Work task :: For this exercise, the lines from the one with "this 250×188 image." through the end of the material below must be output exactly, without pictures.

Exercise input ::
--

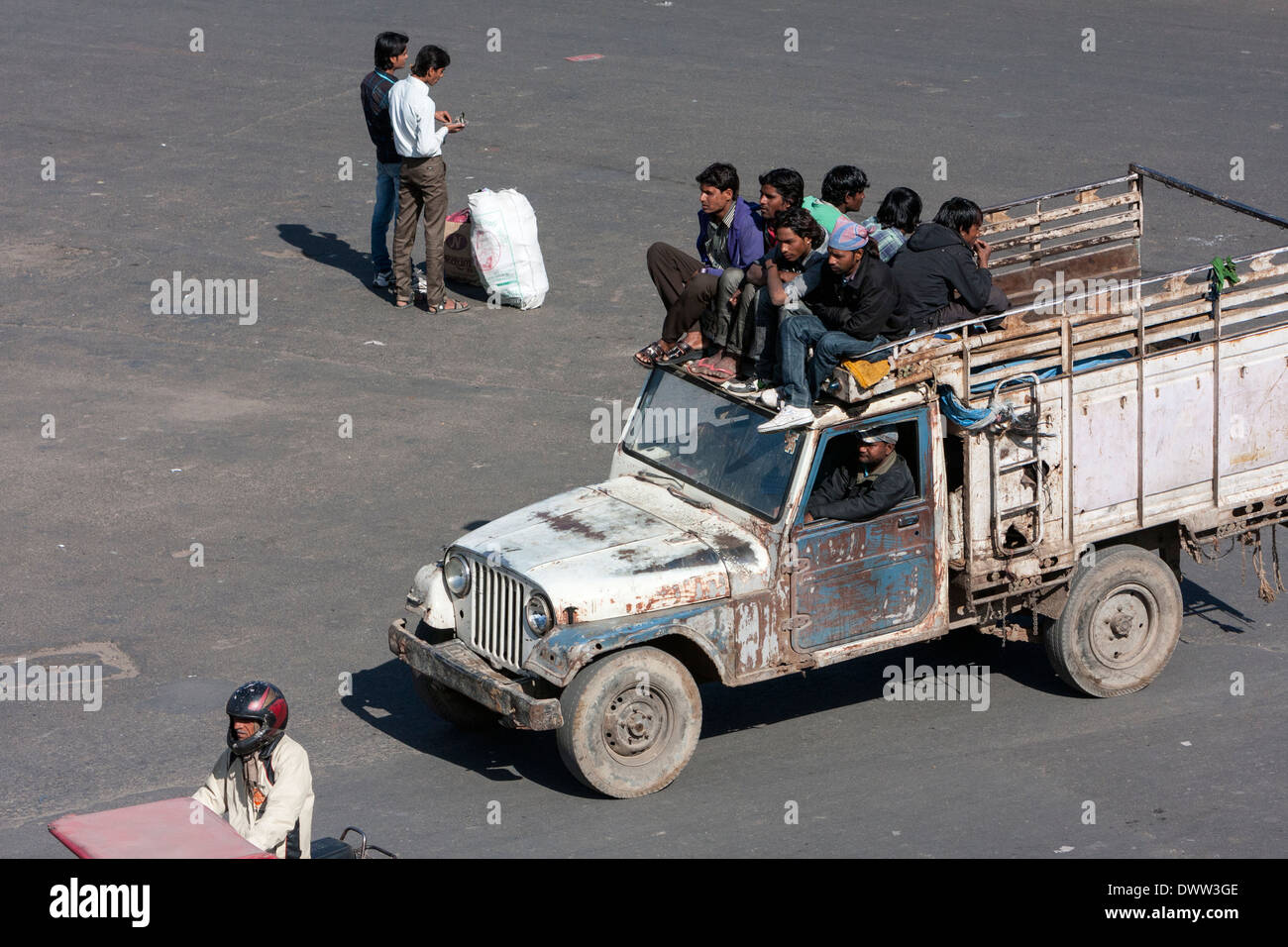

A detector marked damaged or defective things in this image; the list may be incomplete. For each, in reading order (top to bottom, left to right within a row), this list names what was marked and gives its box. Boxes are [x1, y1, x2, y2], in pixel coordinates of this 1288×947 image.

rusted metal body [388, 166, 1284, 733]
rusty old truck [388, 168, 1284, 800]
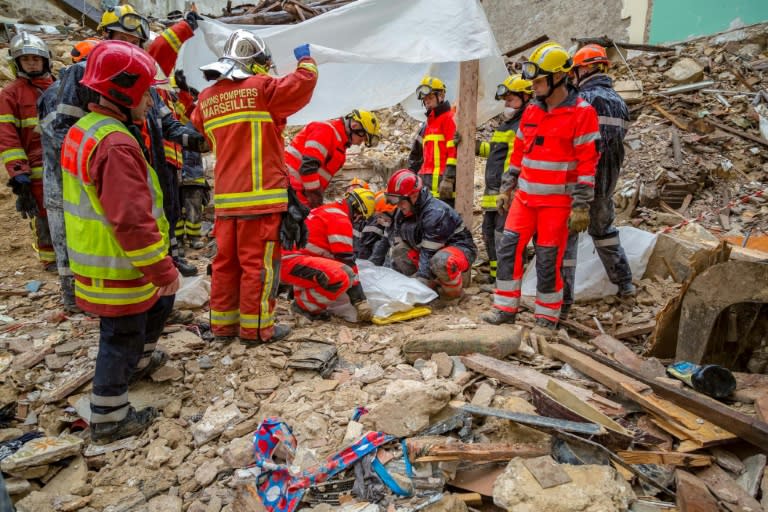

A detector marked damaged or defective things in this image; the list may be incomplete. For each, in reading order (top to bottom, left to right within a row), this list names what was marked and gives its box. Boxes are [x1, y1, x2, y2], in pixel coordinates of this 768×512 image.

broken wood plank [592, 332, 664, 380]
broken wood plank [41, 368, 95, 404]
broken wood plank [460, 356, 620, 416]
broken wood plank [548, 340, 768, 452]
broken wood plank [450, 400, 608, 436]
broken wood plank [404, 438, 548, 462]
broken wood plank [520, 456, 568, 488]
broken wood plank [616, 452, 712, 468]
broken wood plank [676, 470, 724, 510]
broken wood plank [696, 464, 760, 512]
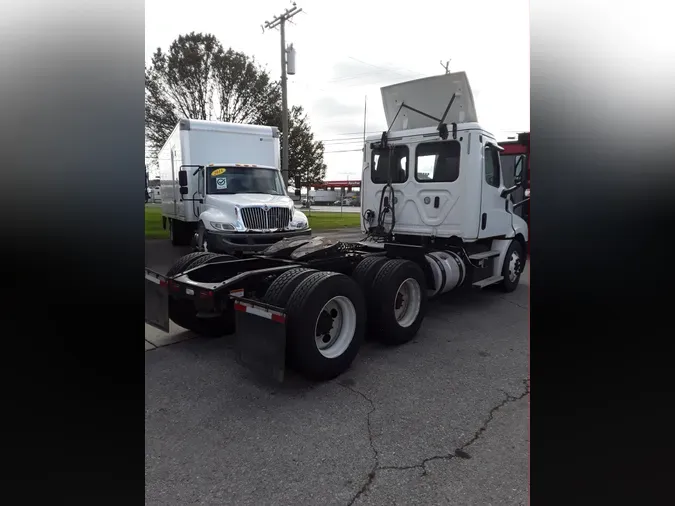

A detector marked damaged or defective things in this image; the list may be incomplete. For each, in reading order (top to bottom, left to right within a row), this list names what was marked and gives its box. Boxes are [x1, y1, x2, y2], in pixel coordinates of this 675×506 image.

crack in asphalt [338, 378, 528, 504]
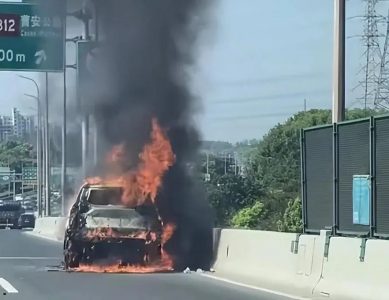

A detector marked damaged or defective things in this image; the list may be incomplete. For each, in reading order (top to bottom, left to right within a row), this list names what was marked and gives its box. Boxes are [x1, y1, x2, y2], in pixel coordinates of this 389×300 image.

burnt car shell [63, 184, 161, 268]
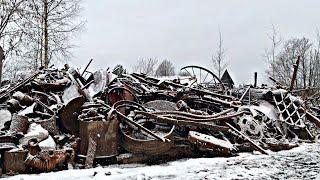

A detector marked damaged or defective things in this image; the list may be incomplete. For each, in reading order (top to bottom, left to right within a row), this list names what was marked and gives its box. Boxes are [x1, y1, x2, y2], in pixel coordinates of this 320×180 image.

rusty metal debris [0, 61, 318, 176]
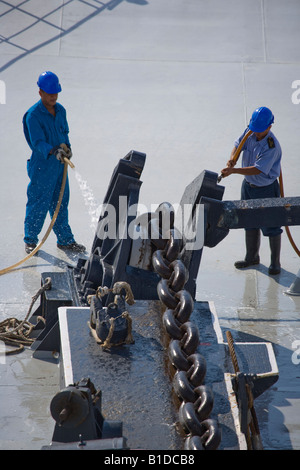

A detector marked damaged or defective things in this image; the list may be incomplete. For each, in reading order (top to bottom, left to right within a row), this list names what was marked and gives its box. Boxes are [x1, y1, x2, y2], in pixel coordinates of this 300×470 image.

rusty chain link [149, 205, 220, 448]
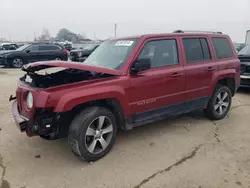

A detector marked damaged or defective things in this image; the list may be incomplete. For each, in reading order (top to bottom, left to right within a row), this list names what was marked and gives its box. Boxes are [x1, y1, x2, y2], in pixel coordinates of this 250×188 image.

damaged front end of suv [10, 61, 121, 140]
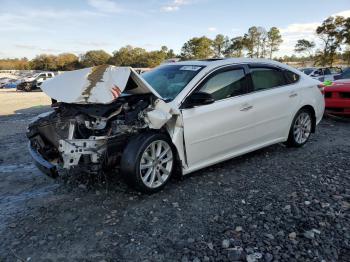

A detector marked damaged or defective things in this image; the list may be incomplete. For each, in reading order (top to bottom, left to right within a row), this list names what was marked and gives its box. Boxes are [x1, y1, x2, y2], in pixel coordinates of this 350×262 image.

crumpled hood [41, 65, 161, 104]
shattered windshield [141, 64, 204, 100]
crushed front end [26, 95, 152, 177]
damaged white sedan [28, 59, 326, 193]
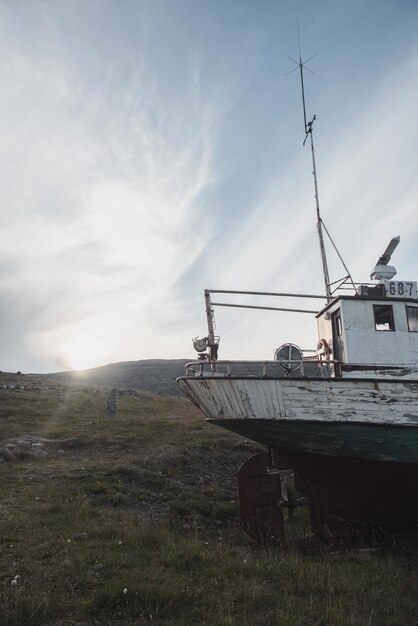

--

Task result ::
A detector marked damaged or defective things in this image; the list may be incomplete. For each, in reading order (top to bottom, left to right within a row), this list names what was marked and gives its box. Boxes are [x1, y1, x2, y2], in pixel coordinates of this 250×188 image.

damaged front end of suv [10, 61, 121, 140]

A detector marked damaged or defective things in this image; the list may be incomplete. For each, in reading order (top to bottom, left to right within a row), this list names what was marked and gives its box. Boxes are [x1, y1, x2, y2], in pixel coordinates of this 350×262 image.

crumpled hood [41, 65, 161, 104]
shattered windshield [141, 64, 204, 100]
crushed front end [26, 95, 152, 177]
damaged white sedan [28, 59, 326, 193]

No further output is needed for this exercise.